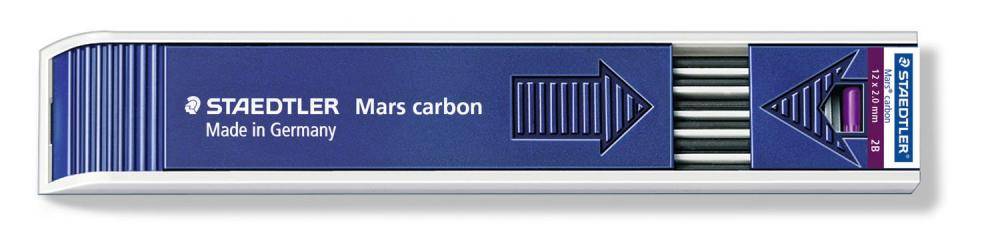 Staedtler Mars Carbon mina 2B Nero-0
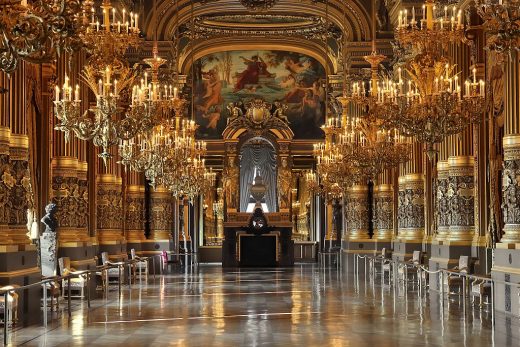 Palais Garnier grand salon interior hall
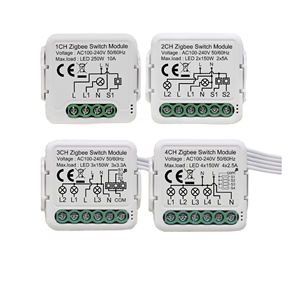 Tuya ZigBee 3.0 <b>Switch</b> Module 10A Smart DIY Breaker 1-4 Gang Supports 2-Way Control Works <b>Alexa</b>/Google Home Ready-to-Go F498 - Product Image 1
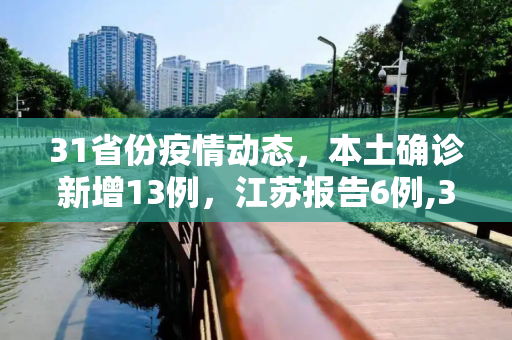 31省份疫情动态，本土确诊新增13例，江苏报告6例,31省份新增本土确诊13例江苏6例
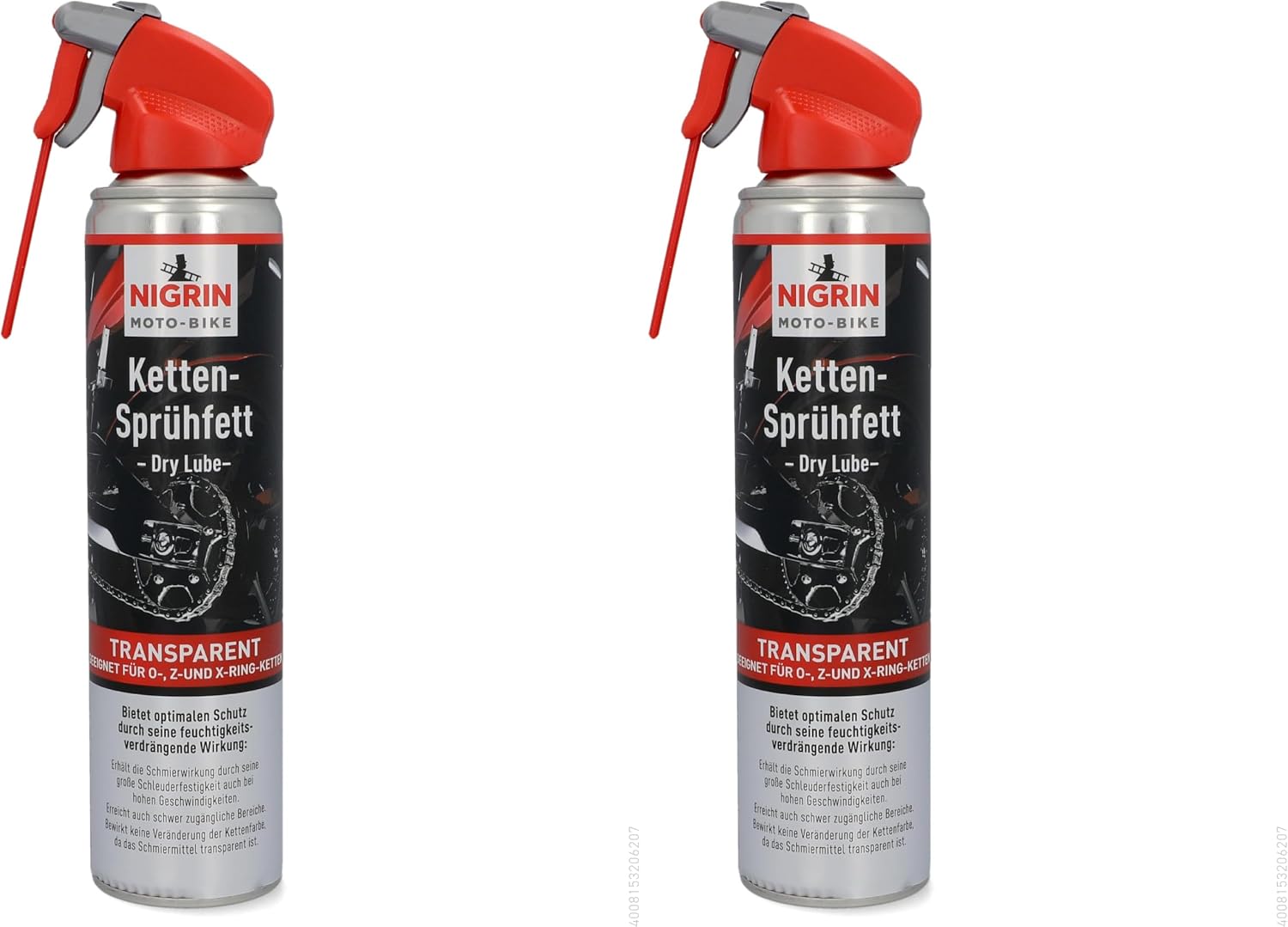 Thumbnail 6 de NIGRIN MOTO-BIKE Dry Lube Ketten-Sprühfett – 6x400 ml für O-, Z- und X-Ring-Ketten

◇ ◇ ◇ ◇ ◇ ◇ ◇

_What you have to do_
No pictures belong in the copy; quote exactly the lines from the line containing "Palais Garnier grand salon interior hall" through the final line of the material, both ends included.

_Exercise solution_
 Palais Garnier grand salon interior hall
 Tuya ZigBee 3.0 <b>Switch</b> Module 10A Smart DIY Breaker 1-4 Gang Supports 2-Way Control Works <b>Alexa</b>/Google Home Ready-to-Go F498 - Product Image 1
 31省份疫情动态，本土确诊新增13例，江苏报告6例,31省份新增本土确诊13例江苏6例
 Thumbnail 6 de NIGRIN MOTO-BIKE Dry Lube Ketten-Sprühfett – 6x400 ml für O-, Z- und X-Ring-Ketten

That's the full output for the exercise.